Find code by meaning, not just keywords—across all your repositories:

from sentence_transformers import SentenceTransformer
repos = MultiRepo([
"~/code/auth-service",
"~/code/user-service",
"~/code/api-gateway",
])
# Build indexes once
model = SentenceTransformer("all-MiniLM-L6-v2")
repos.index_all(embed_fn=model.encode)
# Search by concept - finds relevant code even with different naming conventions
results = repos.search_semantic("user authentication and session management", top_k=10)
# Results ranked by relevance across ALL repos
for r in results:
print(f"[{r['repo']}] {r['file']} (score: {r['score']:.2f})")
# More examples:
repos.search_semantic("error handling and retry logic")
repos.search_semantic("database connection pooling")
repos.search_semantic("rate limiting implementation")

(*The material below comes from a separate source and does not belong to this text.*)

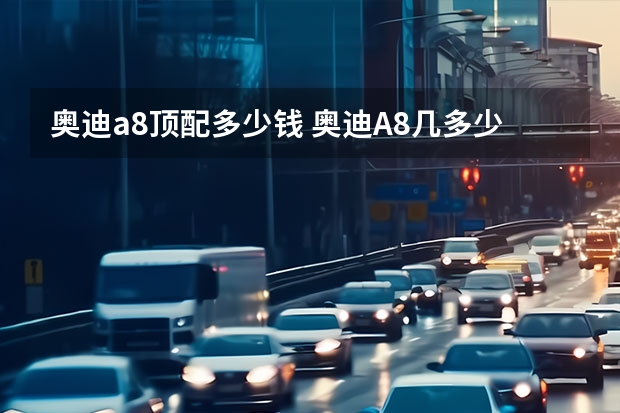 奥迪a8顶配多少钱 奥迪A8几多少钱？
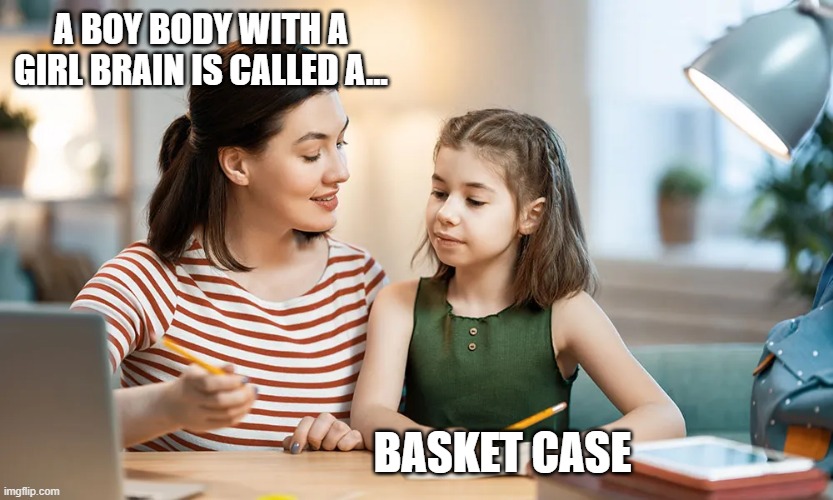 A BOY BODY WITH A GIRL BRAIN IS CALLED A... BASKET CASE | made w/ Imgflip meme maker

This is especially useful when:

  • Different teams use different naming conventions
  • You’re exploring an unfamiliar codebase ecosystem
  • You need to find similar patterns implemented differently across services

Dependency Auditing

Spot version drift across your services - a common source of subtle bugs in microservices:

repos = MultiRepo(["~/code/service-a", "~/code/service-b", "~/code/service-c"])
audit = repos.audit_dependencies()
# Detect version drift: find packages with different versions across repos
from collections import defaultdict
packages = defaultdict(dict) # {package: {repo: version}}
for repo, deps in audit.items():
for lang, pkgs in deps.items():
for pkg, version in pkgs.items():
packages[f"{lang}:{pkg}"][repo] = version
# Show packages with version mismatches
for pkg, versions in packages.items():
unique_versions = set(versions.values())
if len(unique_versions) > 1: # Different versions detected!
print(f"⚠️ {pkg} has version drift:")
for repo, ver in versions.items():
print(f" {repo}: {ver}")
# Output:
# ⚠️ python:requests has version drift:
# service-a: 2.28.0
# service-b: 2.31.0
# ⚠️ javascript:axios has version drift:
# frontend: ^1.4.0
# admin-ui: ^0.27.0

Quick Start

from kit import MultiRepo
# Initialize with repository paths (local or remote)
repos = MultiRepo([
"/path/to/repo-a",
"~/code/repo-b", # Tilde expansion
"https://github.com/owner/repo-c", # Remote URL
"https://github.com/owner/repo-d.git", # With .git suffix
])
# Access individual repos
print(repos.names) # ['repo-a', 'repo-b', 'repo-c', 'repo-d']
single_repo = repos["repo-a"] # Returns Repository instance
# Iterate over all repos
for name, repo in repos:
print(f"{name}: {len(repo.get_file_tree())} files")

Initialization

MultiRepo(
paths: Sequence[str | Path],
names: Optional[Dict[str, str]] = None,
)

Parameters:

  • paths: List of paths to repositories - supports:
    • Local paths: /path/to/repo
    • Tilde expansion: ~/code/repo
    • Remote URLs: https://github.com/owner/repo
  • names: Optional dict mapping path strings to friendly names. If not provided, directory/repo names are extracted automatically

Name Collision Handling:

When multiple repositories have the same directory name, MultiRepo automatically appends a counter:

repos = MultiRepo([
"~/org-a/utils", # Named "utils"
"~/org-b/utils", # Named "utils_1"
"~/org-c/utils", # Named "utils_2"
])

Methods

search(query, file_pattern="*", max_results_per_repo=None)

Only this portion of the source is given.